**What is required**
Below are records; reproduce exactly the lines from the one containing "Pre Owned Givenchy" through the end, both included, and only those.

=== Begin Enclosure ===

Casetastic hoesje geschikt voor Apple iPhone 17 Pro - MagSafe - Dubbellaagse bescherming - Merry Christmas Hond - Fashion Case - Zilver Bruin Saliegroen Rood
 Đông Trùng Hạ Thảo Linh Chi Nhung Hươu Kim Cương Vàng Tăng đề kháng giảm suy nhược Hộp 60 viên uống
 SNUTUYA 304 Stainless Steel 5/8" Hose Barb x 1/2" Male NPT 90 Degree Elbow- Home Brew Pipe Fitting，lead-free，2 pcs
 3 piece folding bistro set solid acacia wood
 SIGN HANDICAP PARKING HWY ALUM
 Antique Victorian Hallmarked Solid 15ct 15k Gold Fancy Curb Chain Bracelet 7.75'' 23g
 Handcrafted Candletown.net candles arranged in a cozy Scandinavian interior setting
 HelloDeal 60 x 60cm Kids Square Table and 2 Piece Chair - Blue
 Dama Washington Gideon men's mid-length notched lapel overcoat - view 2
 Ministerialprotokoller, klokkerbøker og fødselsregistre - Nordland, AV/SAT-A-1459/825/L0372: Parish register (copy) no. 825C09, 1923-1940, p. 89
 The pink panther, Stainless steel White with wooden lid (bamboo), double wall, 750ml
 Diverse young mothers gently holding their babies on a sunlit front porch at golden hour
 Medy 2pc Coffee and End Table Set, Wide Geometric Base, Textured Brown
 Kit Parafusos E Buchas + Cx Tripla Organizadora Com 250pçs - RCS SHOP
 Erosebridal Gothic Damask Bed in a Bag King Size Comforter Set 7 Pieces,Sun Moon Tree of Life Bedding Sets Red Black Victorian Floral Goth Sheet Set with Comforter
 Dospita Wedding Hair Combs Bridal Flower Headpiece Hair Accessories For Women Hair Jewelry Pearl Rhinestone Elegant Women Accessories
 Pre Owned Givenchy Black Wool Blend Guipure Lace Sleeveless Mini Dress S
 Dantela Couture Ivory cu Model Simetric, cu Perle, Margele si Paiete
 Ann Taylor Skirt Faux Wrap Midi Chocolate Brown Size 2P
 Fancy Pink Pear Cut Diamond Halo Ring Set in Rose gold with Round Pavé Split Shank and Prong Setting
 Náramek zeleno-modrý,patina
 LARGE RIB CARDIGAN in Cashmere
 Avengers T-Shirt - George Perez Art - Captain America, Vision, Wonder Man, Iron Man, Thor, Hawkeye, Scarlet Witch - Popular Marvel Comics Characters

=== End Enclosure ===

**Answer to this problem**
 Pre Owned Givenchy Black Wool Blend Guipure Lace Sleeveless Mini Dress S
 Dantela Couture Ivory cu Model Simetric, cu Perle, Margele si Paiete
 Ann Taylor Skirt Faux Wrap Midi Chocolate Brown Size 2P
 Fancy Pink Pear Cut Diamond Halo Ring Set in Rose gold with Round Pavé Split Shank and Prong Setting
 Náramek zeleno-modrý,patina
 LARGE RIB CARDIGAN in Cashmere
 Avengers T-Shirt - George Perez Art - Captain America, Vision, Wonder Man, Iron Man, Thor, Hawkeye, Scarlet Witch - Popular Marvel Comics Characters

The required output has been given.